■ **ACTION ITEM**: As the answer, give exactly the lines of the records below from the one with "Damen Modische Oversized-Sonnenbrille" through the one with "Town house in", ends included and pictures left out.
[[ INFORMATION GIVEN, beginning ]]
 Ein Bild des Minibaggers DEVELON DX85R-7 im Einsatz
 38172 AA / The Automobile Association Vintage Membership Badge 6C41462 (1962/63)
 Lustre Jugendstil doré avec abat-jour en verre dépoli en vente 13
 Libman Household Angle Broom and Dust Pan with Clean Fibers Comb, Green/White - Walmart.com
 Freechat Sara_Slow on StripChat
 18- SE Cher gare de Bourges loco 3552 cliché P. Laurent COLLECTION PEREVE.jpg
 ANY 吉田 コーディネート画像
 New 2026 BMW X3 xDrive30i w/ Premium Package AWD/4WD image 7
[[ INFORMATION GIVEN, end ]]
[[ INFORMATION GIVEN, beginning ]]
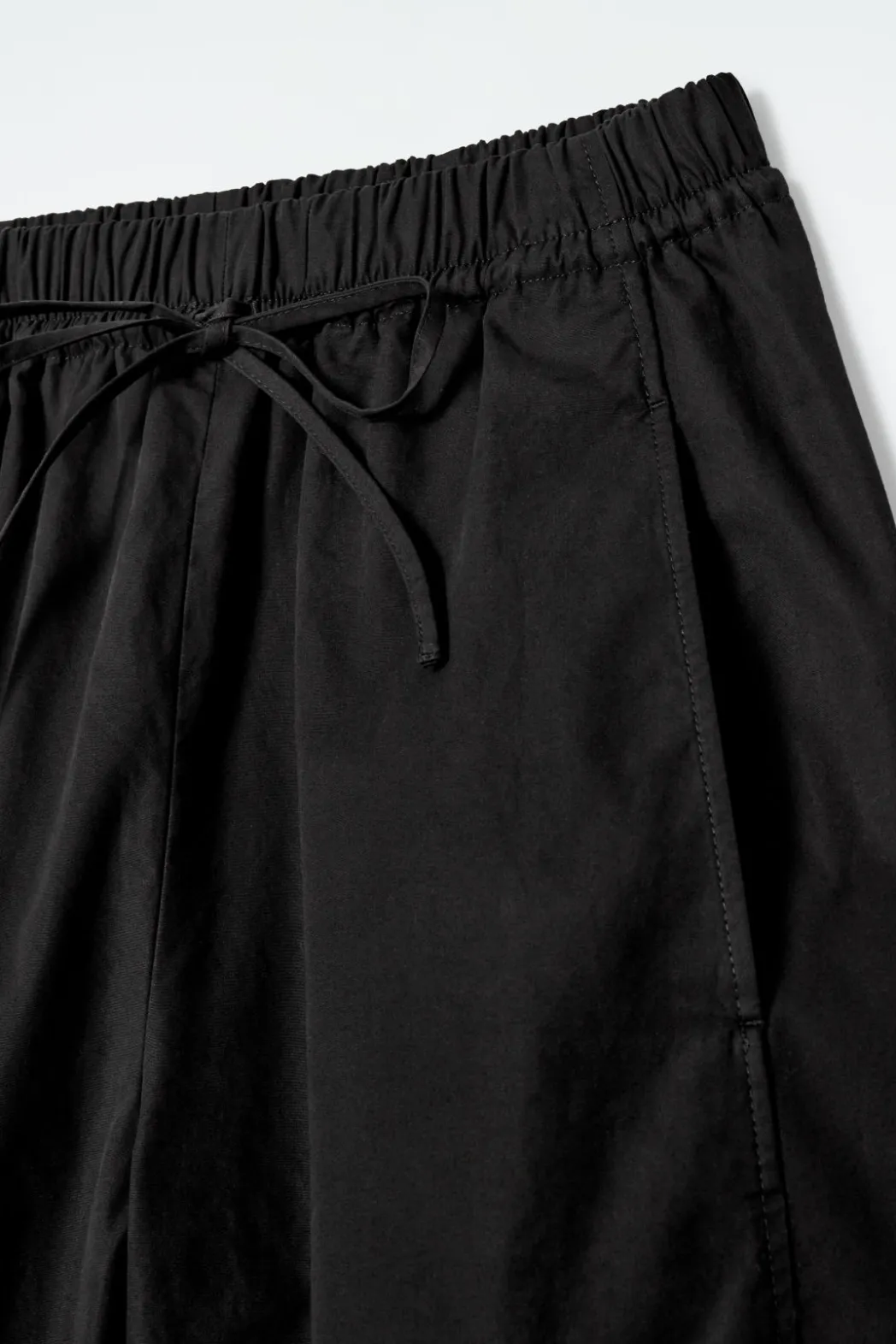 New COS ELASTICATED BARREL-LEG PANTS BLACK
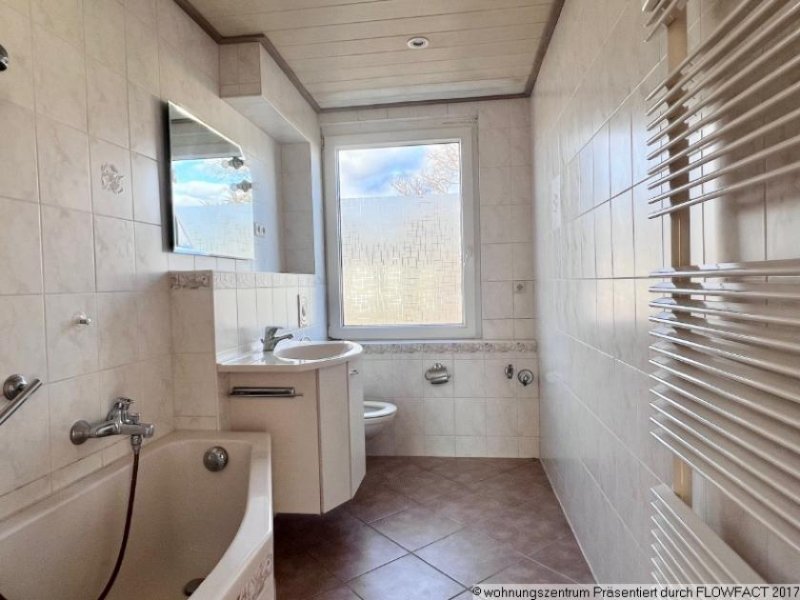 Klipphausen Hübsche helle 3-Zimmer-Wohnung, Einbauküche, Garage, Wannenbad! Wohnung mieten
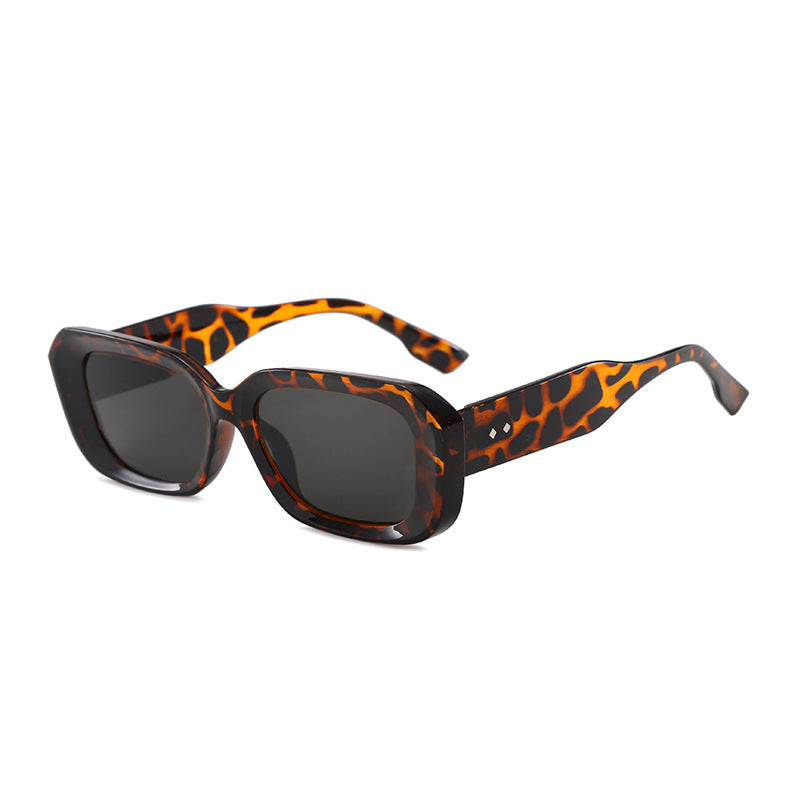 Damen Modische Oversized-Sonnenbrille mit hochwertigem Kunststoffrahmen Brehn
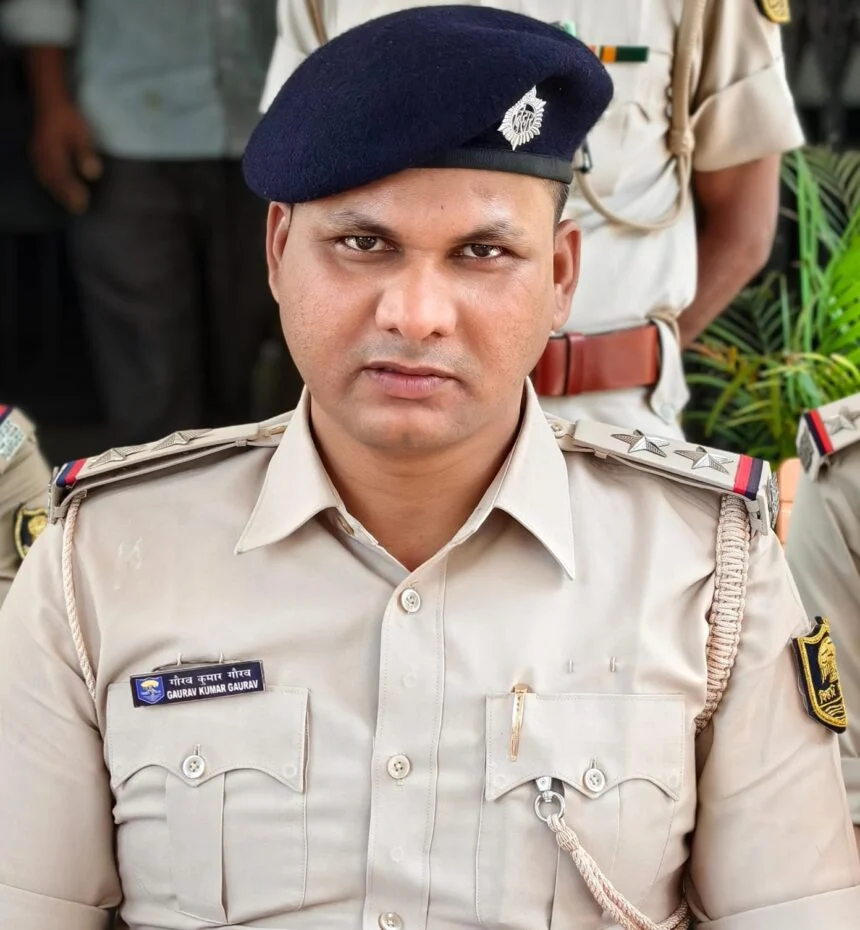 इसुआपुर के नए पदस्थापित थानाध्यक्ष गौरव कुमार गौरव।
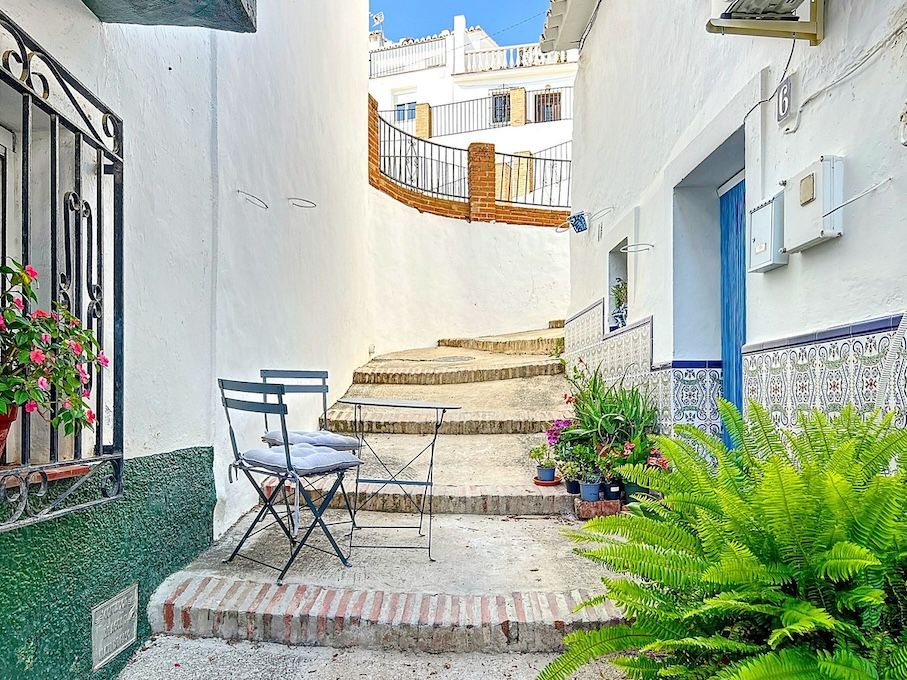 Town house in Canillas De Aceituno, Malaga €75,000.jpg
[[ INFORMATION GIVEN, end ]]
[[ INFORMATION GIVEN, beginning ]]
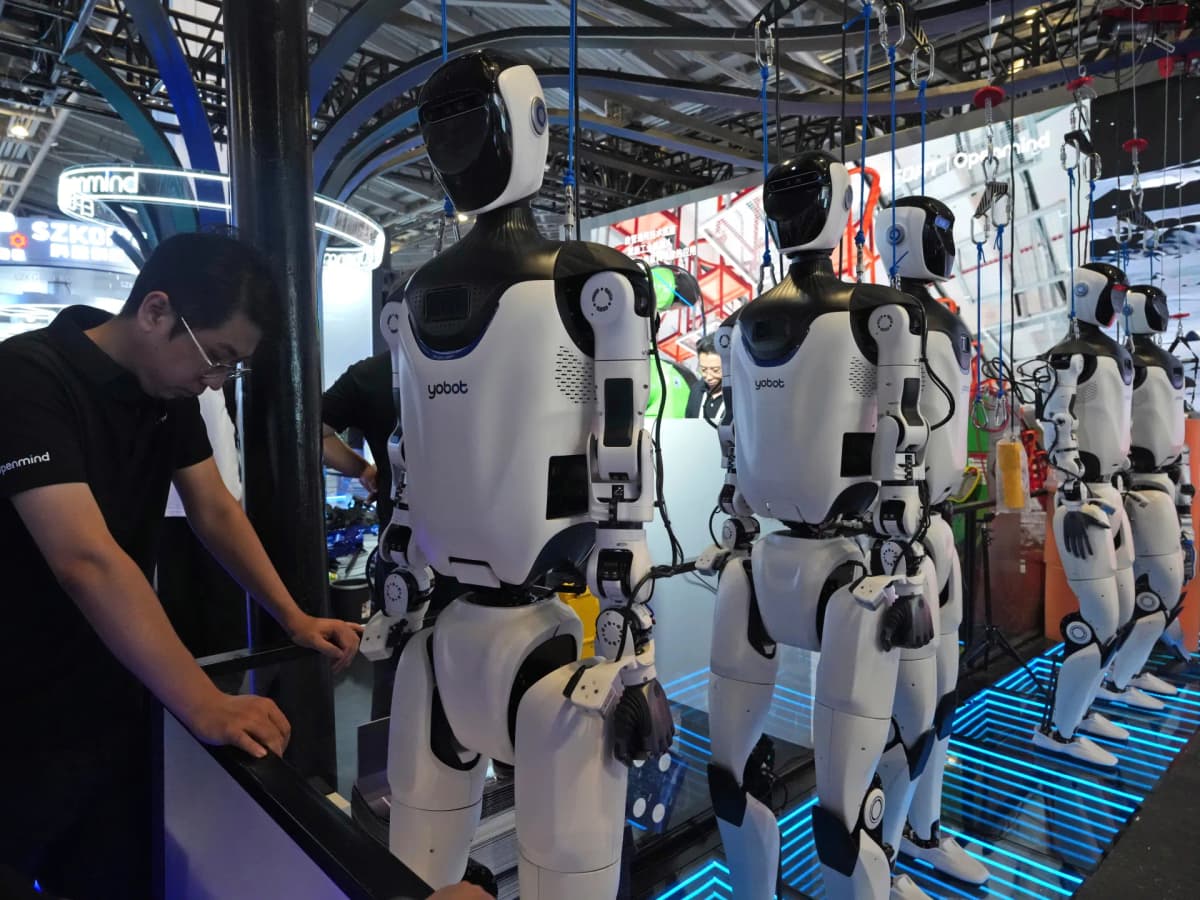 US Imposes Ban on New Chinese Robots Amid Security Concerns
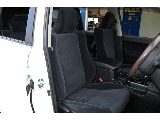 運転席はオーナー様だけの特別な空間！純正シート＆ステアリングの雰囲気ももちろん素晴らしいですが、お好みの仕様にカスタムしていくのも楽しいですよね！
[[ INFORMATION GIVEN, end ]]
■ **COMPLETED EXERCISE**:
 Damen Modische Oversized-Sonnenbrille mit hochwertigem Kunststoffrahmen Brehn
 इसुआपुर के नए पदस्थापित थानाध्यक्ष गौरव कुमार गौरव।
 Town house in Canillas De Aceituno, Malaga €75,000.jpg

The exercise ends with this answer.